Cross-border tax structuring for real estate in Poland has been significantly constrained since the introduction of the real estate company (spółka nieruchomościowa) rules. Under Polish corporate income tax law, a company whose assets consist of more than 50% real property located in Poland, and whose real property value exceeds PLN 10m, is classified as a real estate company. Gains on the sale of shares in such a company are taxable in Poland, regardless of where the seller is resident. This rule effectively neutralises many offshore holding structures that were used before 2021.
For buyers considering the French or Romanian market alongside Poland, the structural considerations differ significantly. Our guide on buying property in Poland as a French national addresses permit requirements and bilateral treaty interaction in detail. Similarly, investors from south-eastern Europe may find our guide on buying property in Poland as a Romanian national a useful starting point for structuring the acquisition vehicle.

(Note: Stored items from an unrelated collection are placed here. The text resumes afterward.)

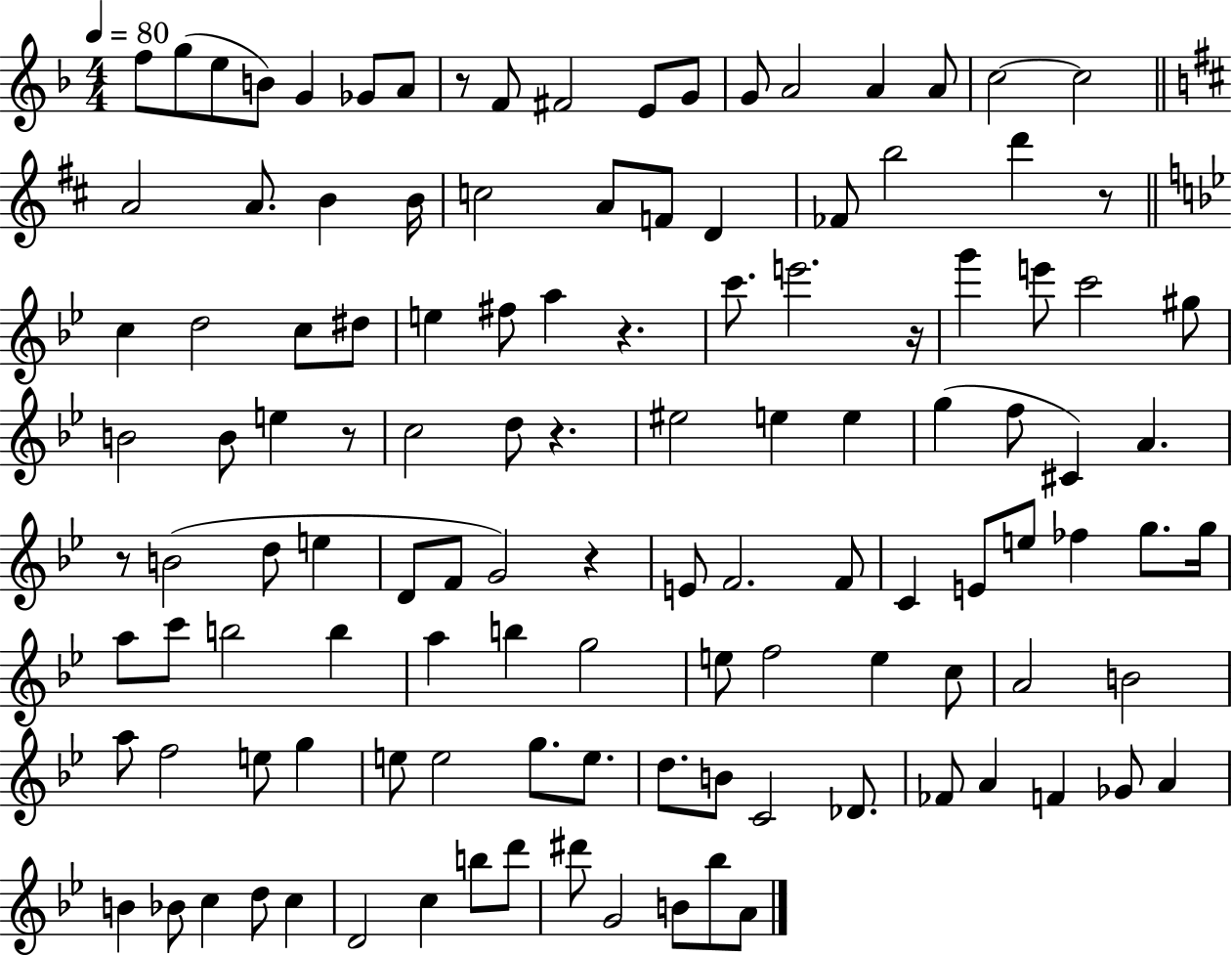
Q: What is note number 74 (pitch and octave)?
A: B5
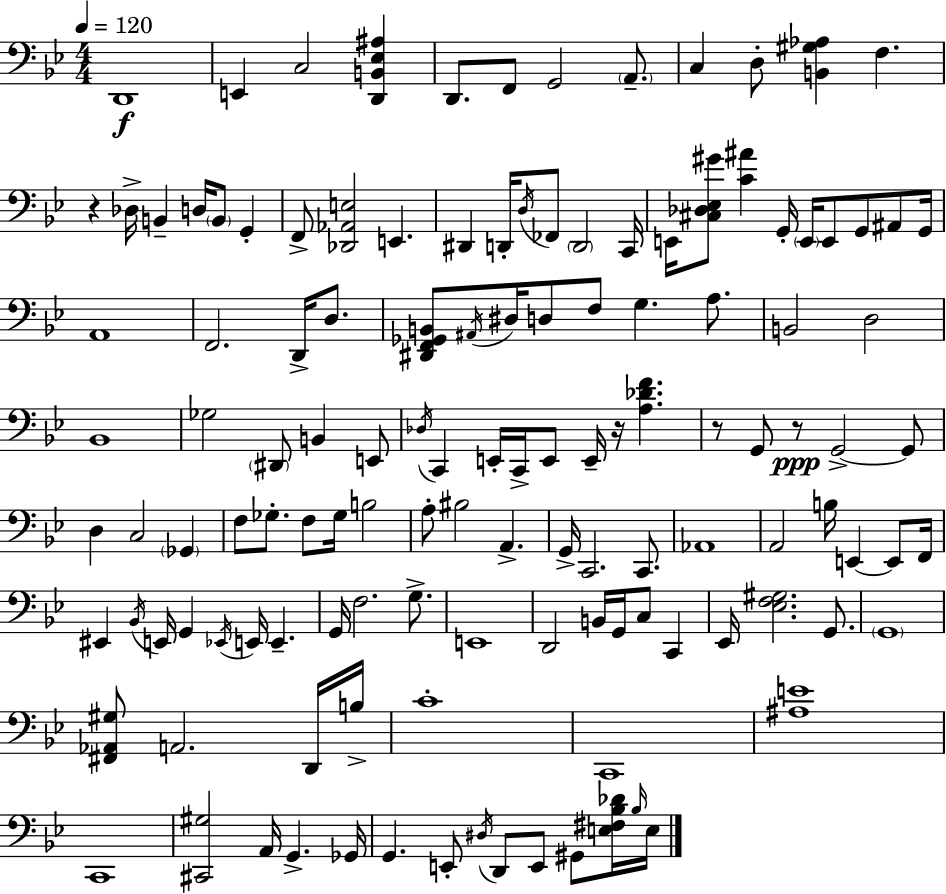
X:1
T:Untitled
M:4/4
L:1/4
K:Bb
D,,4 E,, C,2 [D,,B,,_E,^A,] D,,/2 F,,/2 G,,2 A,,/2 C, D,/2 [B,,^G,_A,] F, z _D,/4 B,, D,/4 B,,/2 G,, F,,/2 [_D,,_A,,E,]2 E,, ^D,, D,,/4 D,/4 _F,,/2 D,,2 C,,/4 E,,/4 [^C,_D,_E,^G]/2 [C^A] G,,/4 E,,/4 E,,/2 G,,/2 ^A,,/2 G,,/4 A,,4 F,,2 D,,/4 D,/2 [^D,,F,,_G,,B,,]/2 ^A,,/4 ^D,/4 D,/2 F,/2 G, A,/2 B,,2 D,2 _B,,4 _G,2 ^D,,/2 B,, E,,/2 _D,/4 C,, E,,/4 C,,/4 E,,/2 E,,/4 z/4 [A,_DF] z/2 G,,/2 z/2 G,,2 G,,/2 D, C,2 _G,, F,/2 _G,/2 F,/2 _G,/4 B,2 A,/2 ^B,2 A,, G,,/4 C,,2 C,,/2 _A,,4 A,,2 B,/4 E,, E,,/2 F,,/4 ^E,, _B,,/4 E,,/4 G,, _E,,/4 E,,/4 E,, G,,/4 F,2 G,/2 E,,4 D,,2 B,,/4 G,,/4 C,/2 C,, _E,,/4 [_E,F,^G,]2 G,,/2 G,,4 [^F,,_A,,^G,]/2 A,,2 D,,/4 B,/4 C4 C,,4 [^A,E]4 C,,4 [^C,,^G,]2 A,,/4 G,, _G,,/4 G,, E,,/2 ^D,/4 D,,/2 E,,/2 ^G,,/2 [E,^F,_B,_D]/4 _B,/4 E,/4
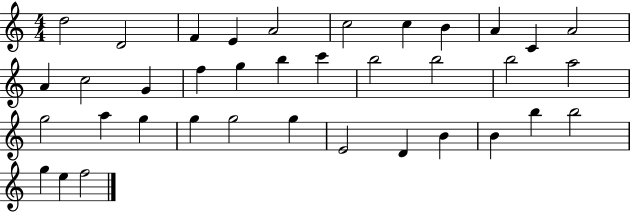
{
  \clef treble
  \numericTimeSignature
  \time 4/4
  \key c \major
  d''2 d'2 | f'4 e'4 a'2 | c''2 c''4 b'4 | a'4 c'4 a'2 | \break a'4 c''2 g'4 | f''4 g''4 b''4 c'''4 | b''2 b''2 | b''2 a''2 | \break g''2 a''4 g''4 | g''4 g''2 g''4 | e'2 d'4 b'4 | b'4 b''4 b''2 | \break g''4 e''4 f''2 | \bar "|."
}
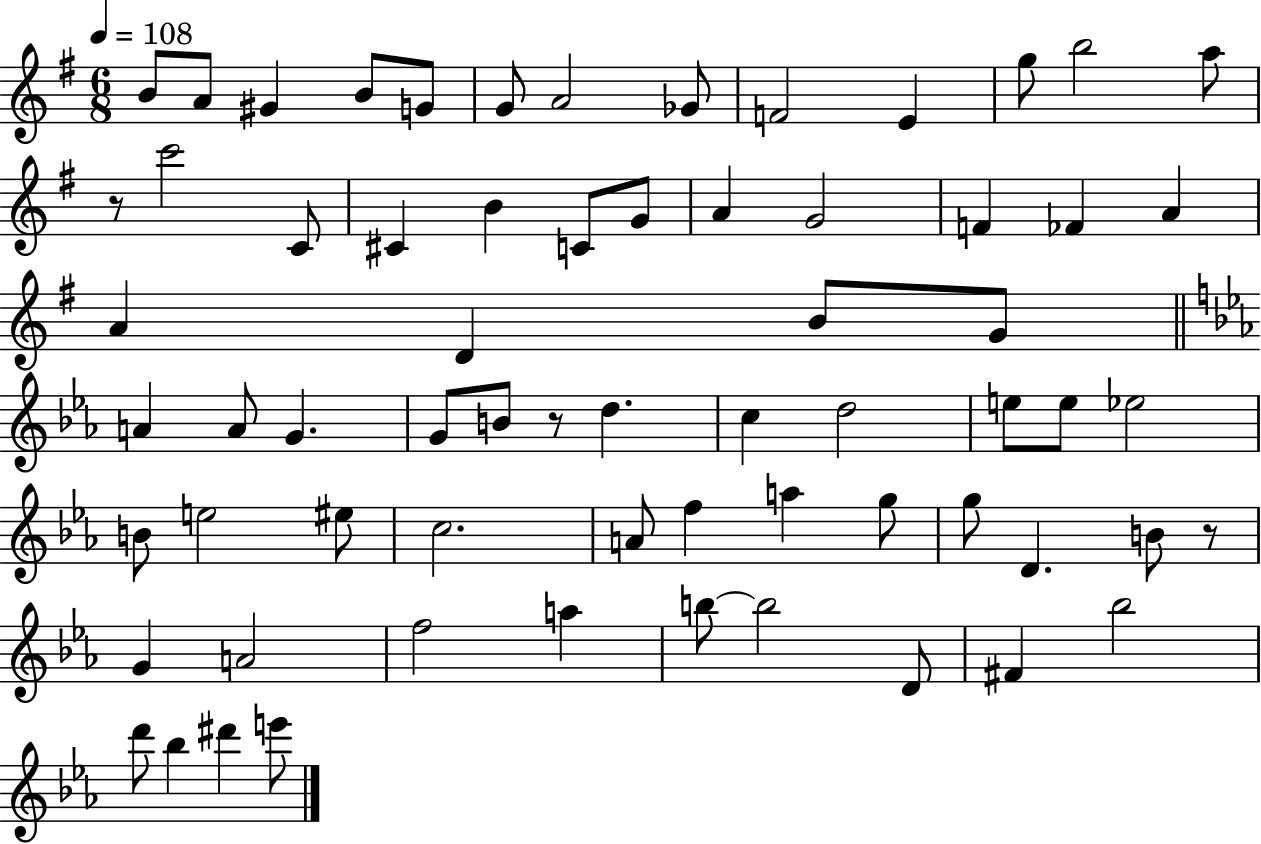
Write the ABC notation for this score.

X:1
T:Untitled
M:6/8
L:1/4
K:G
B/2 A/2 ^G B/2 G/2 G/2 A2 _G/2 F2 E g/2 b2 a/2 z/2 c'2 C/2 ^C B C/2 G/2 A G2 F _F A A D B/2 G/2 A A/2 G G/2 B/2 z/2 d c d2 e/2 e/2 _e2 B/2 e2 ^e/2 c2 A/2 f a g/2 g/2 D B/2 z/2 G A2 f2 a b/2 b2 D/2 ^F _b2 d'/2 _b ^d' e'/2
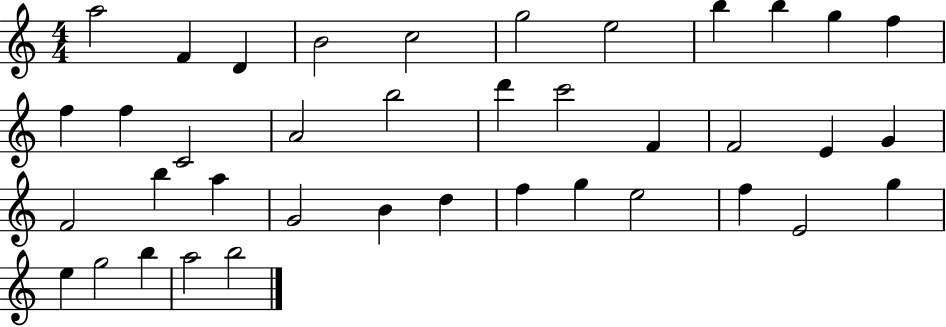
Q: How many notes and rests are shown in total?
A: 39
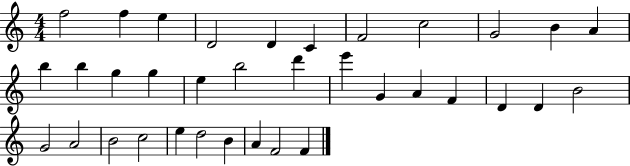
F5/h F5/q E5/q D4/h D4/q C4/q F4/h C5/h G4/h B4/q A4/q B5/q B5/q G5/q G5/q E5/q B5/h D6/q E6/q G4/q A4/q F4/q D4/q D4/q B4/h G4/h A4/h B4/h C5/h E5/q D5/h B4/q A4/q F4/h F4/q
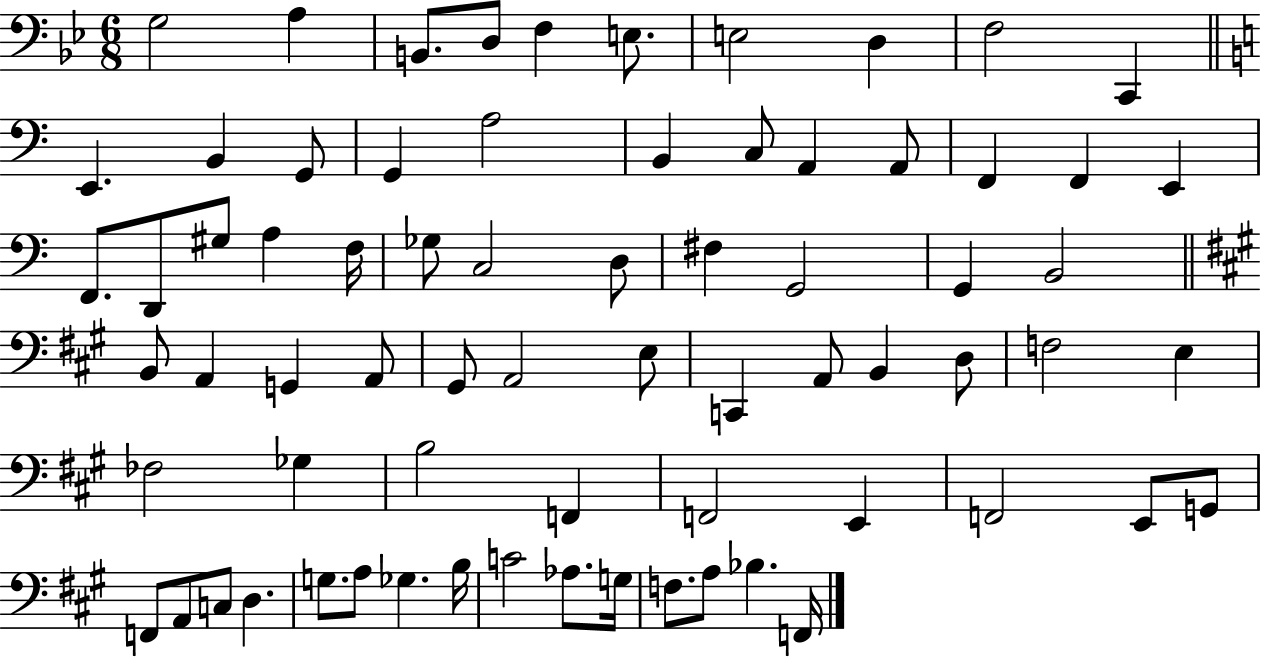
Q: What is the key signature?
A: BES major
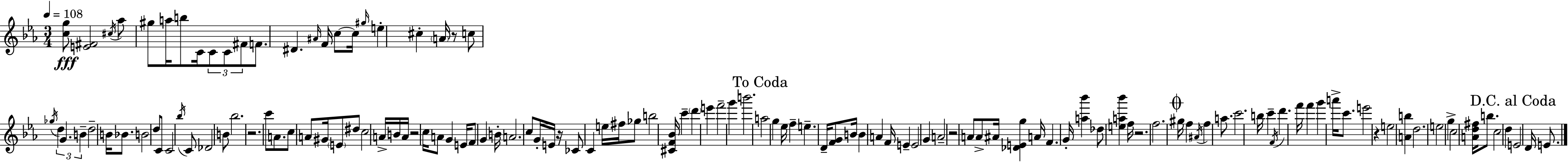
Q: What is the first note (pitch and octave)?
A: C#5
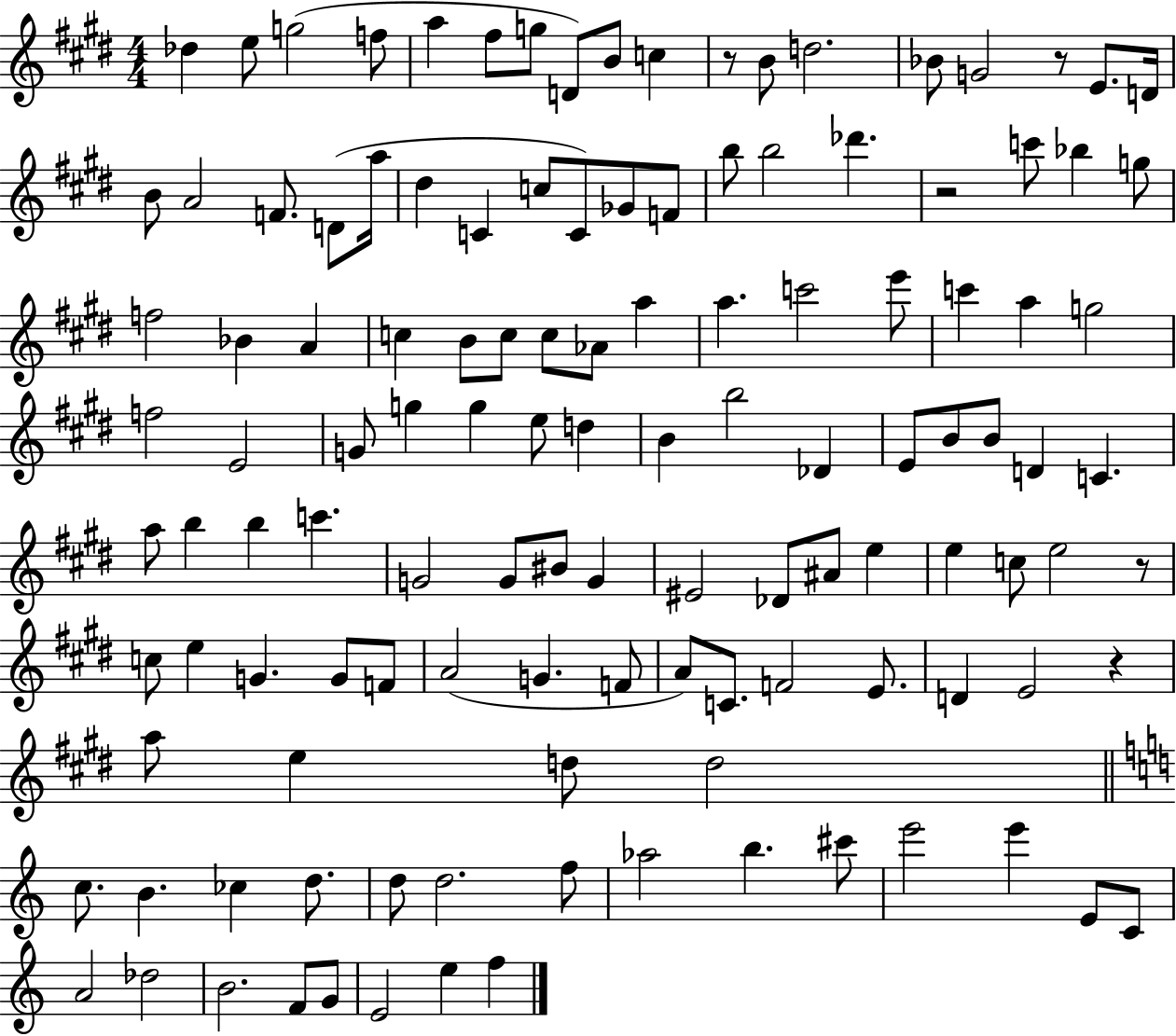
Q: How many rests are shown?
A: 5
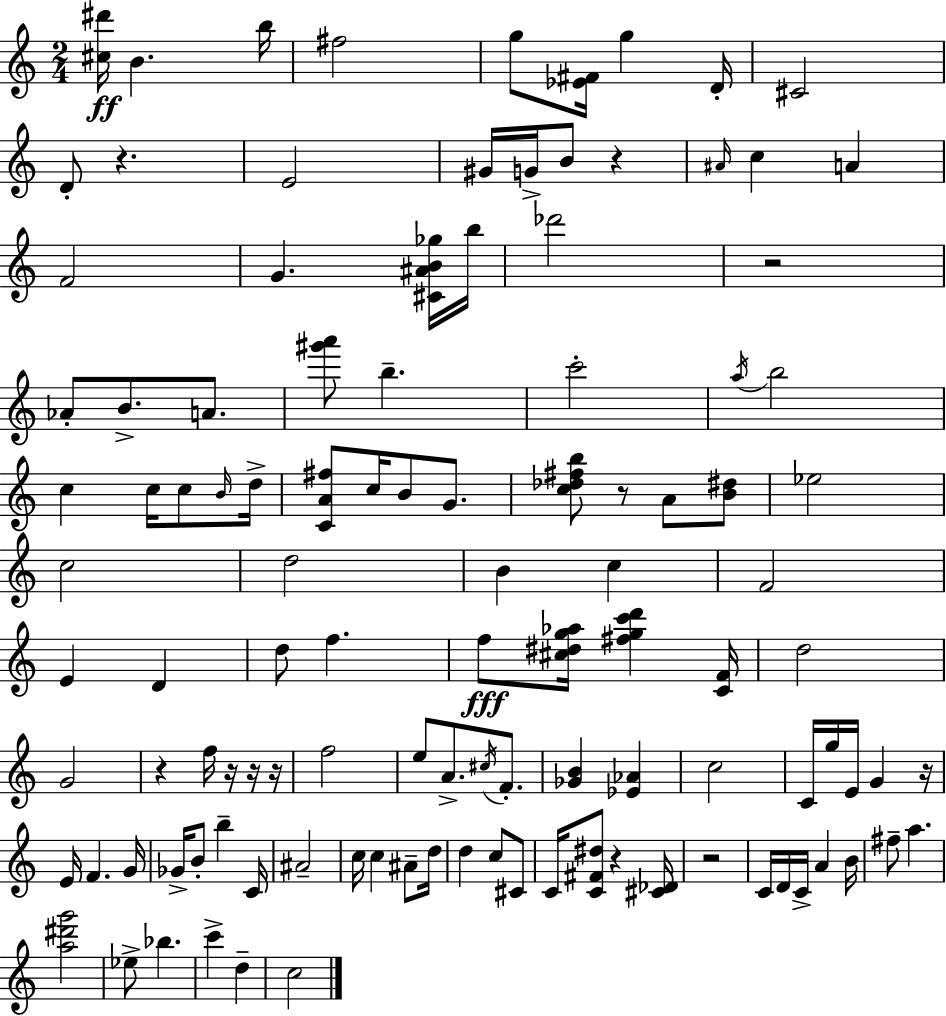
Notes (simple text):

[C#5,D#6]/s B4/q. B5/s F#5/h G5/e [Eb4,F#4]/s G5/q D4/s C#4/h D4/e R/q. E4/h G#4/s G4/s B4/e R/q A#4/s C5/q A4/q F4/h G4/q. [C#4,A#4,B4,Gb5]/s B5/s Db6/h R/h Ab4/e B4/e. A4/e. [G#6,A6]/e B5/q. C6/h A5/s B5/h C5/q C5/s C5/e B4/s D5/s [C4,A4,F#5]/e C5/s B4/e G4/e. [C5,Db5,F#5,B5]/e R/e A4/e [B4,D#5]/e Eb5/h C5/h D5/h B4/q C5/q F4/h E4/q D4/q D5/e F5/q. F5/e [C#5,D#5,G5,Ab5]/s [F#5,G5,C6,D6]/q [C4,F4]/s D5/h G4/h R/q F5/s R/s R/s R/s F5/h E5/e A4/e. C#5/s F4/e. [Gb4,B4]/q [Eb4,Ab4]/q C5/h C4/s G5/s E4/s G4/q R/s E4/s F4/q. G4/s Gb4/s B4/e B5/q C4/s A#4/h C5/s C5/q A#4/e D5/s D5/q C5/e C#4/e C4/s [C4,F#4,D#5]/e R/q [C#4,Db4]/s R/h C4/s D4/s C4/s A4/q B4/s F#5/e A5/q. [A5,D#6,G6]/h Eb5/e Bb5/q. C6/q D5/q C5/h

Three business scenarios illustrate how structure choice varies by investor type. A German logistics fund acquiring a single warehouse will typically use a share deal to preserve VAT recovery on the original construction. A French family office buying a Warsaw apartment portfolio will usually prefer an asset deal to avoid inheriting SPV liabilities. An IT company from outside the EEA acquiring an office building for its own use will need to factor in the permit timeline and may find a forward purchase structure more practical while the permit is pending.
Board liability is a further concern in share deals involving Polish SPVs. Where the target company has outstanding tax arrears, the acquirer's nominee directors may face personal liability under Polish tax ordinance rules. Our analysis of board liability for tax arrears sets out the conditions under which personal liability arises and how to manage it through deal structuring.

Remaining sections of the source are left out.